Basal cell carcinoma. Photo by: James Heilman, MD via Wikimedia Commons

A pilot study of a new biopsy imaging system has shown high accuracy in diagnosing non-melanoma skin cancer in two minutes—substantially faster than conventional biopsy evaluation.

In the study, published in JAMA Dermatology, the new system uses two-photon fluorescence microscopy to assess samples in as little as two minutes. It was tested on 15 biopsies of known nonmelanoma skin cancer. The researchers were able to detect basal cell carcinoma with perfect accuracy (100% sensitivity and specificity) and squamous cell carcinoma with high accuracy (89% sensitivity and 100% specificity).

Typically, the authors note, biopsied tissue is excised, fixed, paraffinized, stained, and mounted on slides before being evaluated by a dermatopathologist.
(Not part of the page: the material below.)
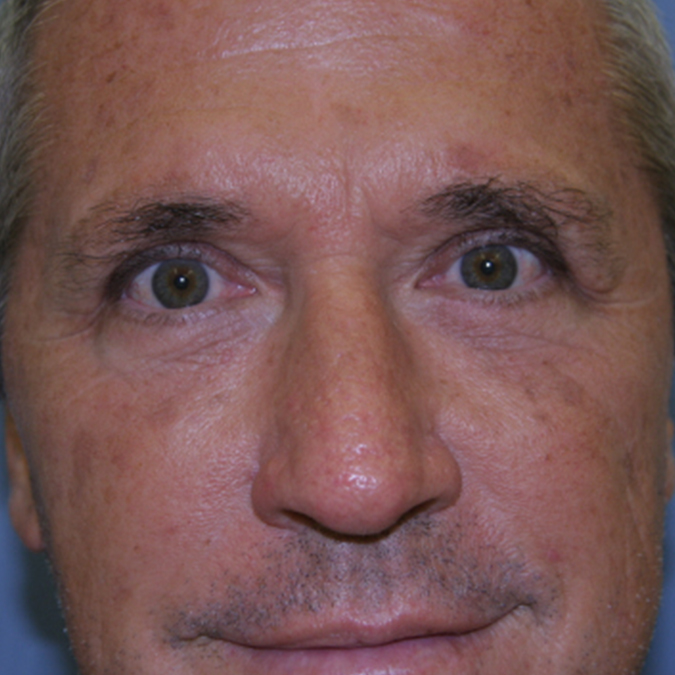 Eyelid Surgery Before and After 10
“This is how it has been done since the late 19th century,” said study author Michael G. Giacomelli, PhD, in a press release. “Billions and billions of biopsies have been done this way. Everybody is on the same page; it works great. The problem is that it is very slow.” Dr. Giacomelli is an assistant professor of biomedical engineering and optics at the University of Rochester in Rochester, N.Y.

In his role as a researcher at the University’s Wilmot Cancer Institute, Dr. Giacomelli has been developing the new system, which is small enough to be stored on a portable cart. The goal of the new system is to allow a physician to immediately determine if biopsied tissue is cancerous, which would allow them to “treat the patient during the same visit instead of stretching it out over the next month and multiple visits,” he said.

Dr. Giacomelli is now working closely with Sherrif Ibrahim, MD, PhD, an associate professor of dermatology at the University’s Medical Center, on a larger, 200-patient follow-up study. The larger study uses biopsy samples taken at random at Dr. Ibrahim’s Rochester Dermatological Surgery in nearby Victor, N.Y.

“The goal is to analyze how well the technique works in a real-world scenario, where you have a lot of people coming in and all kinds of things can show up,” Dr. Giacomelli said. “We really want to make sure that there isn’t some bizarre thing that normally has nothing to do with cancer that we somehow confuse with cancer—or something that does have something to do with cancer but we can’t image. You never know what you’re going to find once you start taking random biopsies of people.”